◆ Given entries
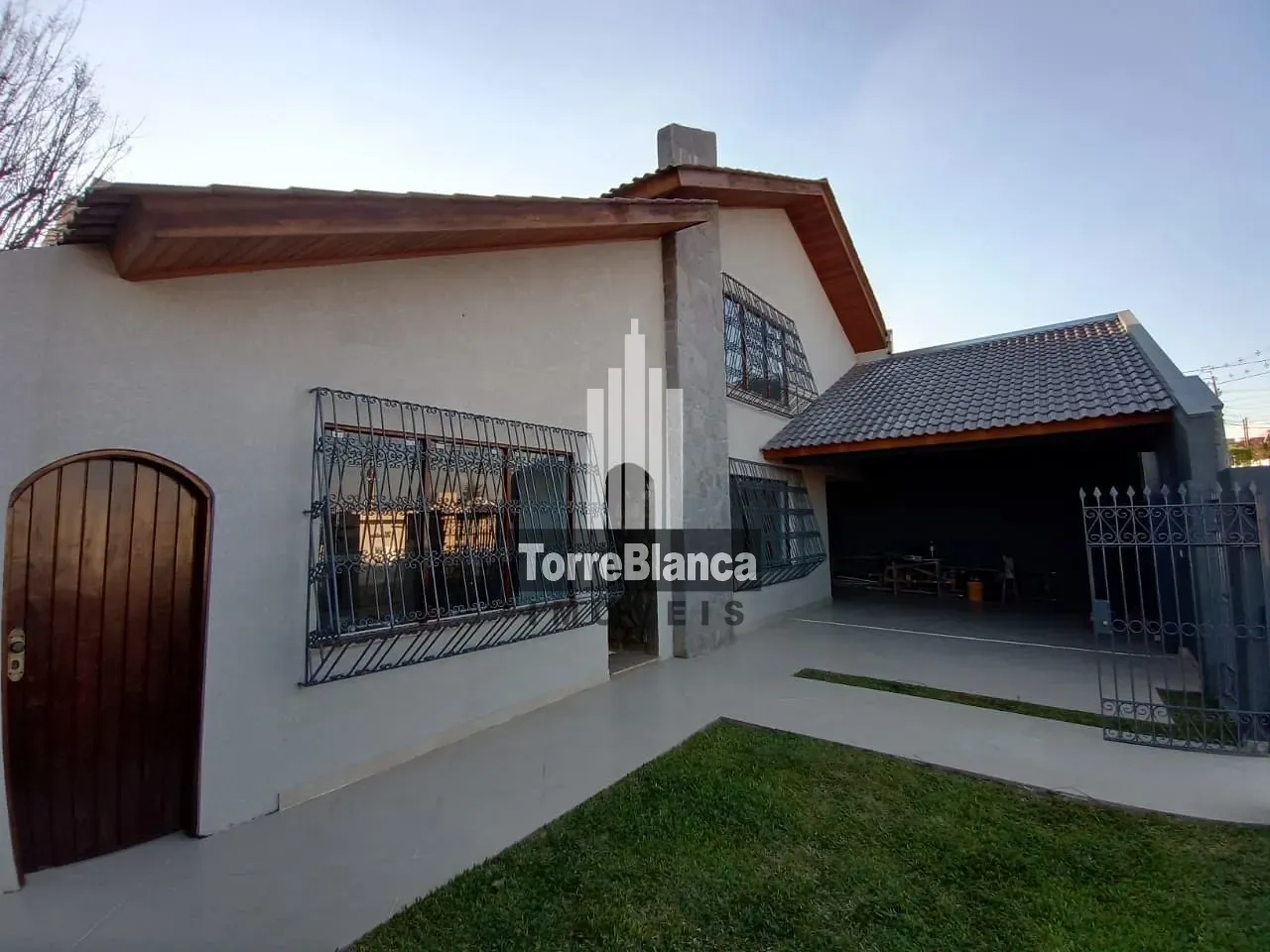 Casa, 6 quartos, 340 m² - Foto 1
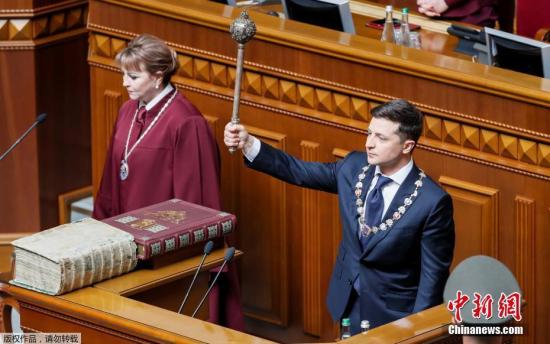 当地时间5月20日，乌克兰基辅，乌克兰新总统就职典礼举行，当选总统泽连斯基在议会宣誓就职。据此前报道，乌克兰3月31日举行总统选举，由于没有候选人获得50%以上选票，得票率前两名的泽连斯基和波罗申科进入第二轮选举。在4月21日举行的第二轮选举中，泽连斯基以73.22%的得票率位列第一，当选乌克兰总统。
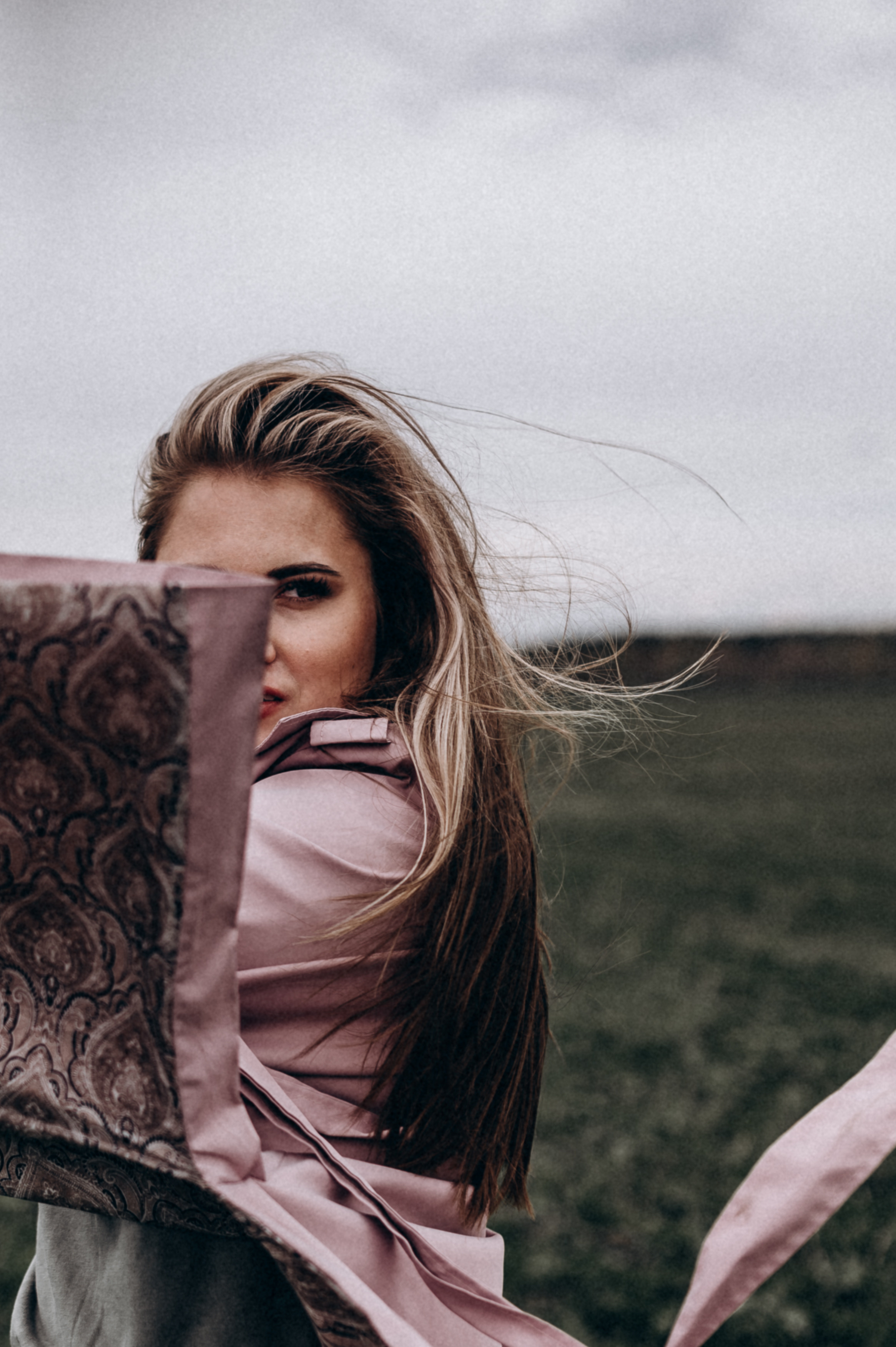 Индивидуальная фотосессия в поле Аня. Фотограф ПИТЕР СПБ Надежда Баранова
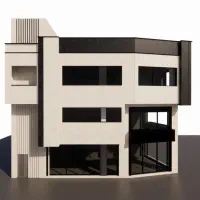 مغازه تجاری بزرگ سه نبش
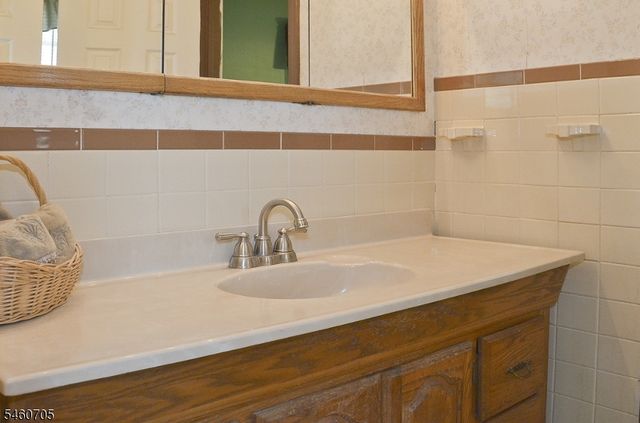7 Salmon Lane, Roxbury Twp., NJ 07852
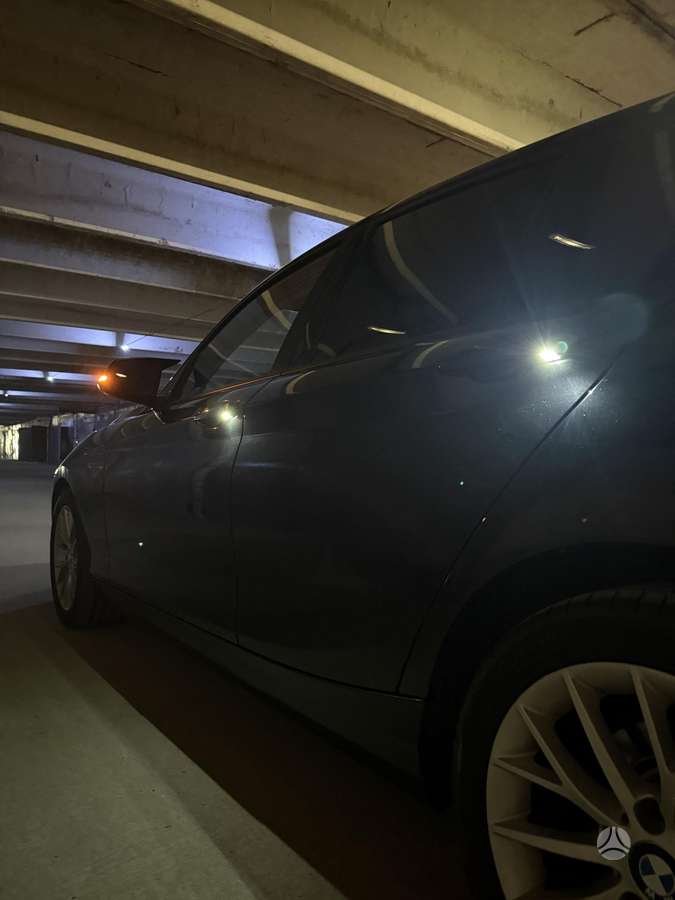 BMW 120, 2.0 l., hatchback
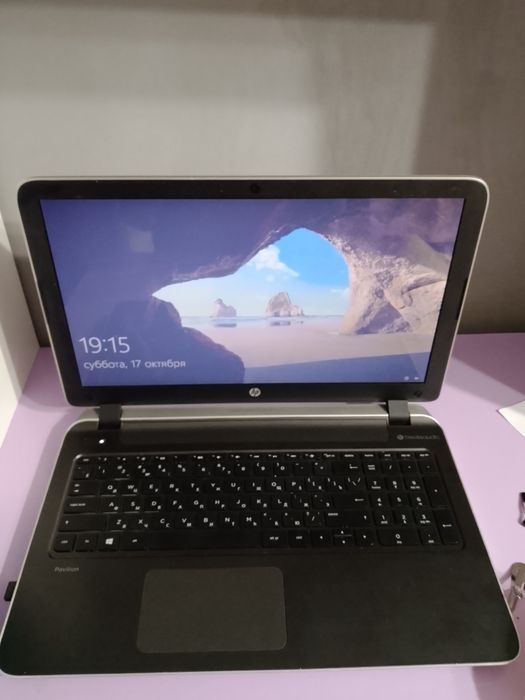 Продам Ноутбук HP Pavilion 15 , 12 ГБ, ОЗУ, SSD + зарядка и беспрово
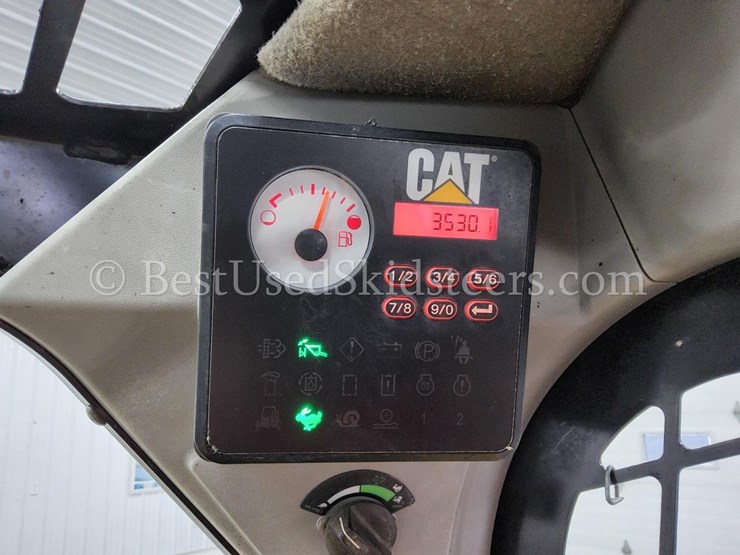 2014-caterpillar-259d-image-26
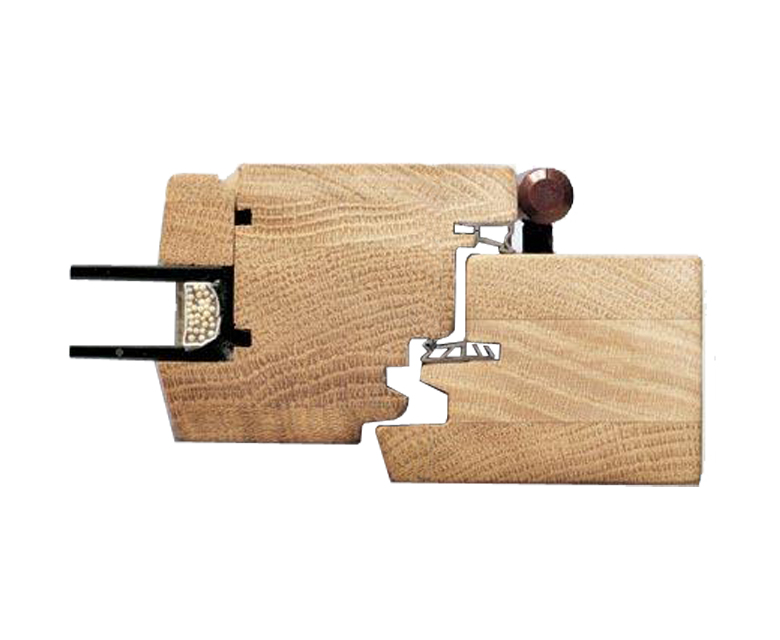 Sezione orizzontale di un infisso in legno.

◆ Activity
Reproduce the listing in full and exactly, excluding any pictures it holds.

◆ Output
 Casa, 6 quartos, 340 m² - Foto 1
 当地时间5月20日，乌克兰基辅，乌克兰新总统就职典礼举行，当选总统泽连斯基在议会宣誓就职。据此前报道，乌克兰3月31日举行总统选举，由于没有候选人获得50%以上选票，得票率前两名的泽连斯基和波罗申科进入第二轮选举。在4月21日举行的第二轮选举中，泽连斯基以73.22%的得票率位列第一，当选乌克兰总统。
 Индивидуальная фотосессия в поле Аня. Фотограф ПИТЕР СПБ Надежда Баранова
 مغازه تجاری بزرگ سه نبش
7 Salmon Lane, Roxbury Twp., NJ 07852
 BMW 120, 2.0 l., hatchback
 Продам Ноутбук HP Pavilion 15 , 12 ГБ, ОЗУ, SSD + зарядка и беспрово
 2014-caterpillar-259d-image-26
 Sezione orizzontale di un infisso in legno.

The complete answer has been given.